En 1658, Jean de La Fontaine, officier des eaux-et-forêts à Château-Thierry et apprenti-écrivain à Paris, est présenté au surintendant des Finances, Nicolas Fouquet, homme de confiance de Mazarin et promis, dit-on et pense-t-il, à la succession du ministre vieillissant, sous le règne d’un roi qui tarde à prendre en main son sceptre et semble plus enclin aux délices de l’amour qu’aux rigueurs du pouvoir. Un double et solide parrainage recommande l’impétrant : celui de son oncle par alliance, Jacques Jannart, substitut de Fouquet dans ses fonctions de procureur au parlement de Paris ; et celui d’un ami fidèle, Paul Pellisson, homme de lettres en vue et chargé de la culture dans l’entourage du surintendant. Car celui-ci soigne déjà son « soft power » en entretenant une cour élégante et savante, à laquelle il destine le palais qu’édifie à Vaux près de Melun une cohorte d’artistes éminents : au premier chef l’architecte Le Vau, le peintre-décorateur Le Brun et le jardinier Le Nôtre. Richelieu avait eu son domaine tourangeau, Mazarin l’hôtel Tubœuf agrandi de la somptueuse galerie Mansart pour ses collections princières. Fouquet, leur successeur potentiel, aurait aussi son palais des merveilles.
Le fastueux mécénat du surintendant
La Fontaine qui, âgé de trente-cinq ans déjà, n’a encore presque rien publié, se trouve rapidement enrôlé au service de ce financier d’extraction bourgeoise en qui sommeillait un prince de la Renaissance : il signe avec lui un contrat de « pension poétique » qui promet au mécène un lot régulier de vers contre le versement de subsides annuels qui allaient se révéler fort utiles à ce nouveau client à la tête légère, encore aisé sans doute, mais fort impécunieux. La mort de son père, qui survient justement en avril 1658, lui laisse certes nombre de biens meubles et immeubles, des charges et des offices, mais surtout un monceau de dettes et d’ennuis procéduriers, promesse de lendemains de Cigale pour qui se croyait un pécule de Fourmi : ce qui a pu inciter l’oncle Jannart, flairant un avenir de banqueroute, à caser chez son protecteur ce neveu à la tête plus légère que gestionnaire, tout en le séparant de biens avec son épouse, utile précaution pour préserver au moins la dot de celle-ci. La (triste) réalité allait rapidement dépasser cette prévision avisée.
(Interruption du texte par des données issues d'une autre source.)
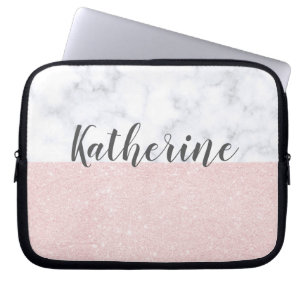 Elegant girale roos goudglitter en witte marmer laptop sleeve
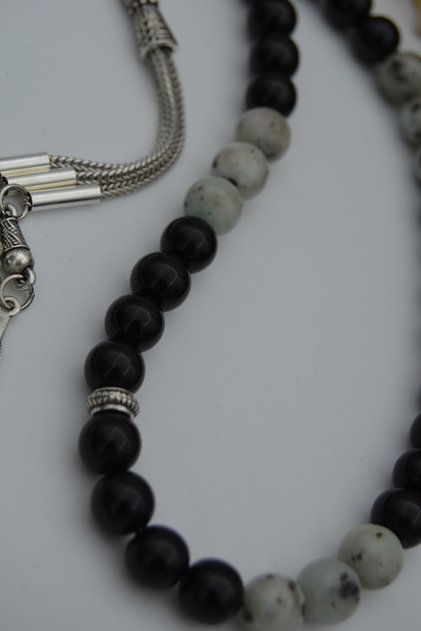 Onyx And Dalmatian Agate Stone Rosary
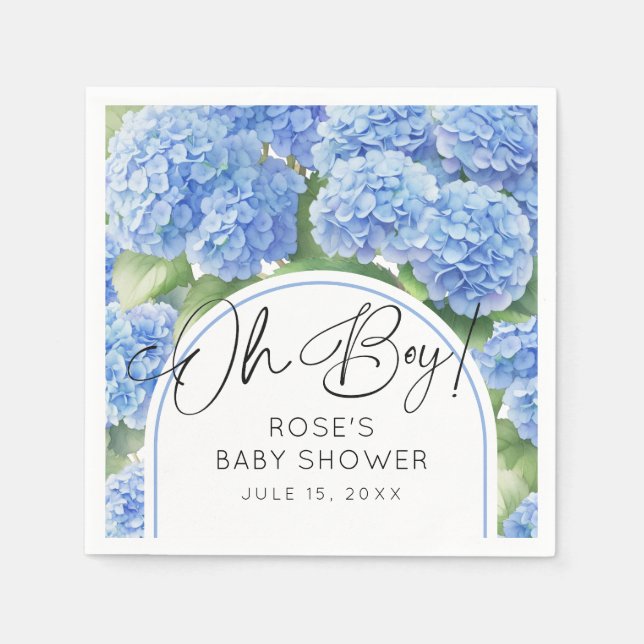 Serviette En Papier Hydrangea Blue Flowers Oh Baby shower garçon (Devant)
Propulsé au cœur d’une des sphères centrales du pouvoir présent et, croit-on, futur, le nouveau client s’y est d’emblée recommandé par un cadeau poétique : une « idylle héroïque », intitulée Adonis, qui conte les amours (idylliques) de Vénus avec le beau chasseur et la mort (héroïque) de celui-ci sous la dent d’un sanglier monstrueux. Rompu aux codes de l’éloge des grands, le poète se vante d’avoir pour l’occasion abandonné ses sujets ordinaires, « les ombrages des bois, le vert tapis des près et l’argent des fontaines », en haussant sa voix et son talent jusqu’à l’Olympe : Fouquet, « héros destiné pour vaincre la dureté de notre siècle et le mépris des beaux-arts » (à bon entendeur…), le méritait. Il fera enluminer le manuscrit du poème et commandera bientôt à l’auteur une pièce nouvelle : une description poétique de Vaux, que La Fontaine transpose en palais de rêve sous le titre de Songe de Vaux. En parallèle, André Félibien, futur chroniqueur des fêtes et descripteur des bâtiments de Louis XIV, réalise une description technique et savante du futur domaine. Tout chez Fouquet, décidément, prépare en coulisse les fastes du grand règne, dont La Fontaine est en droit d’espérer devenir un jour le poète officiel.
La chute et la lutte
On sait ce qu’il advint : une fête somptueuse donnée au roi à Vaux en juillet 1661, dont le futur fabuliste relate les fastes en termes badins et élégants, fut suivie le 5 septembre par l’arrestation de l’hôte trop magnifique, par sa séquestration préventive, son inculpation, son procès et sa condamnation à l’exil que Louis XIV alourdira en détention perpétuelle. Une missive éperdue de La Fontaine avait sans tarder appris la terrible nouvelle à son ami Maucroix. Le sincère désarroi qu’elle trahit annonçait la part qu’il prendrait dans la campagne publique en faveur de l’inculpé : une élégie « Pour M. F. » anonyme (revendiquée en 1671) et une Ode au roi signée, dont Fouquet réprouva la trop grande humilité. Le poète la défendra en alléguant que l’humble avocat peut s’autoriser des prosternations indignes de son illustre client. Pellisson de son côté s’évertuait depuis la Bastille, d’autres aussi, tous persuadés et à bon droit que Colbert avait tramé le drame, tout en ignorant ou en feignant d’ignorer que le roi était plus vindicatif encore.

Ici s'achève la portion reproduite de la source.